▶ **Your instructions**:
The required output is the lines from the one with "Intarsierter Tabaktopf" through the end of the data, repeated verbatim, with no pictures included.

▶ **The data**:
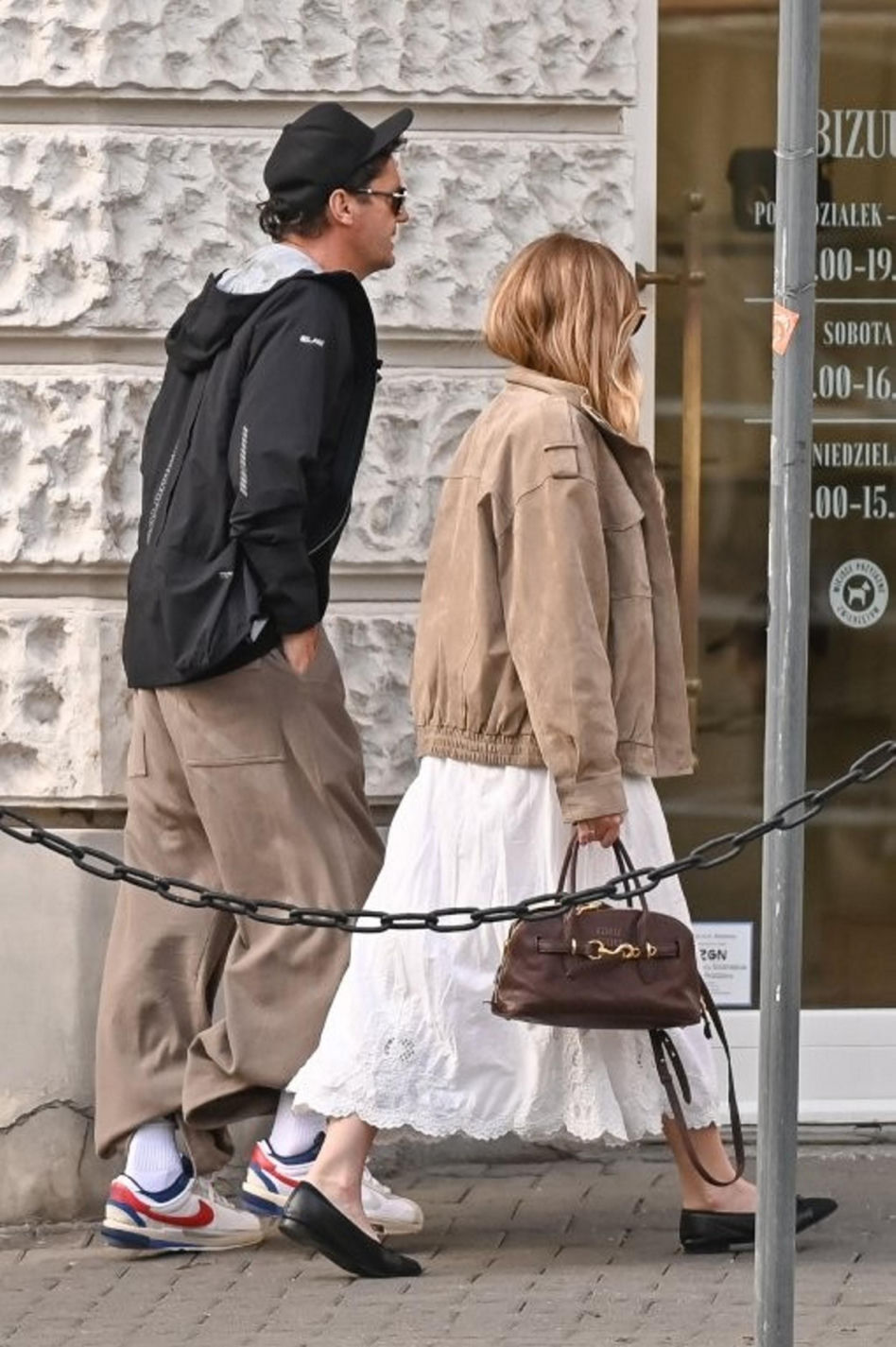 Kuba Wojewódzki z partnerką  na premierze "Hamleta"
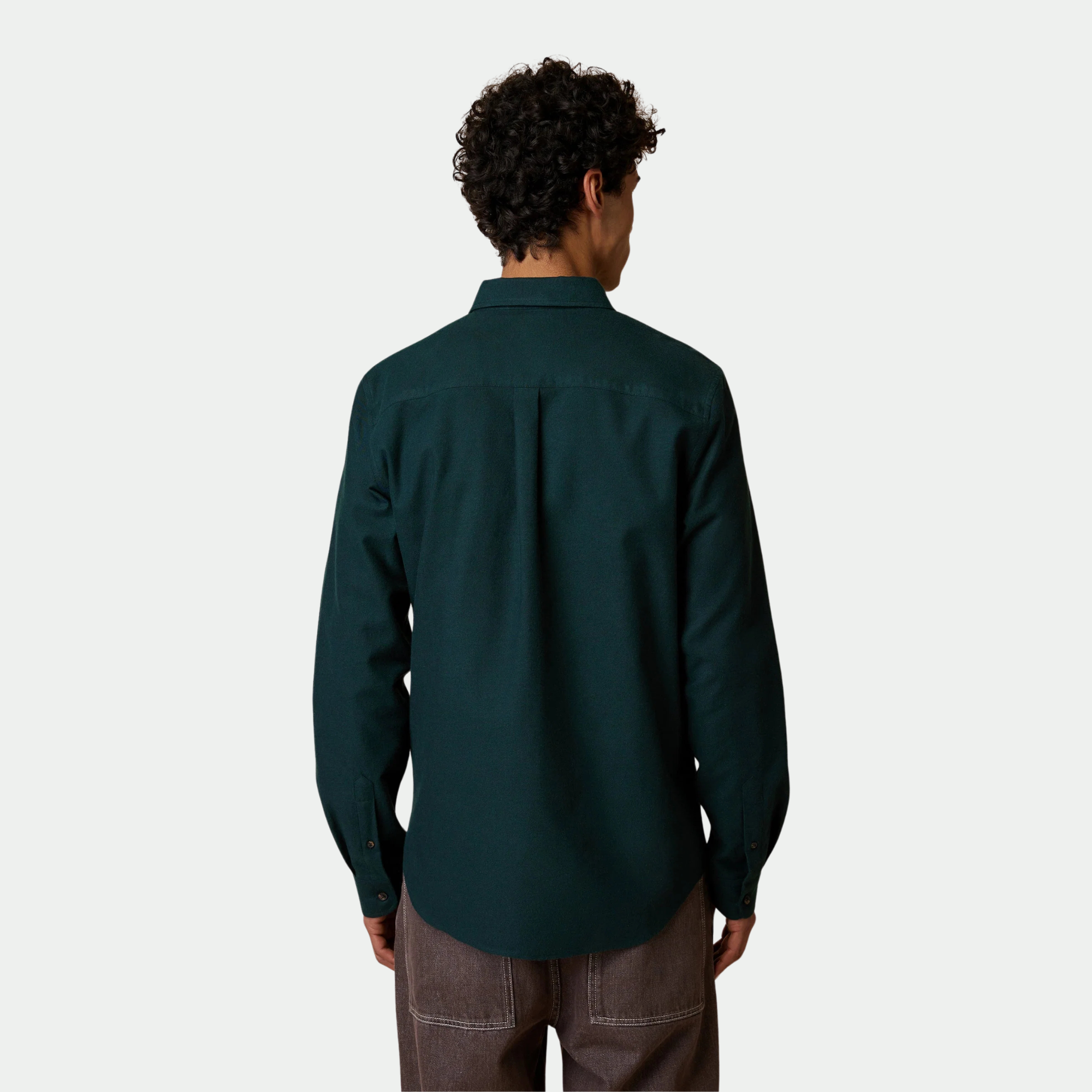 Dos de la chemise Ivoy Faguo vert foncé, empiècement d'épaule et pli plat central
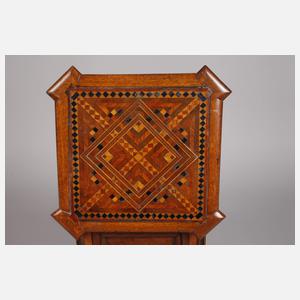 Intarsierter Tabaktopf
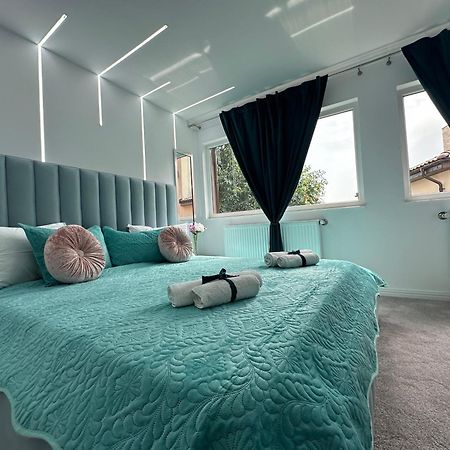 Elegant Escape Central Studio كرايوفا المظهر الخارجي الصورة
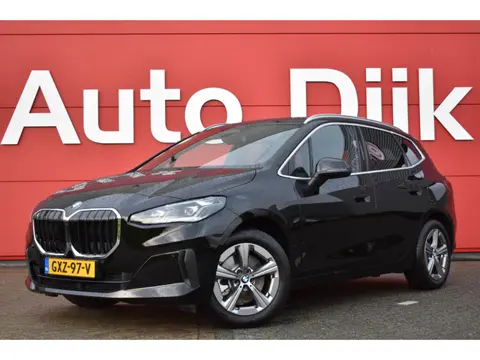 BMW 2 Serie Active Tourer 223i xDrive LED | Leder | Carplay | Adapt. Cruise | Navi | DAB | Clima | P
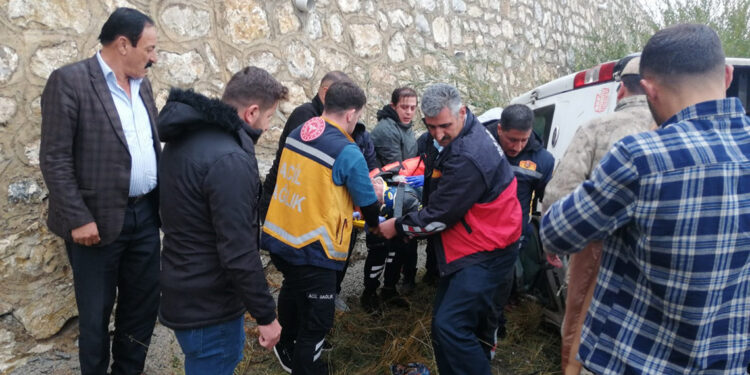 Van'da yolcu minibüsü devrildi: 2'si ağır, 14 yaralı  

▶ **Task answer**:
 Intarsierter Tabaktopf
 Elegant Escape Central Studio كرايوفا المظهر الخارجي الصورة
 BMW 2 Serie Active Tourer 223i xDrive LED | Leder | Carplay | Adapt. Cruise | Navi | DAB | Clima | P
 Van'da yolcu minibüsü devrildi: 2'si ağır, 14 yaralı  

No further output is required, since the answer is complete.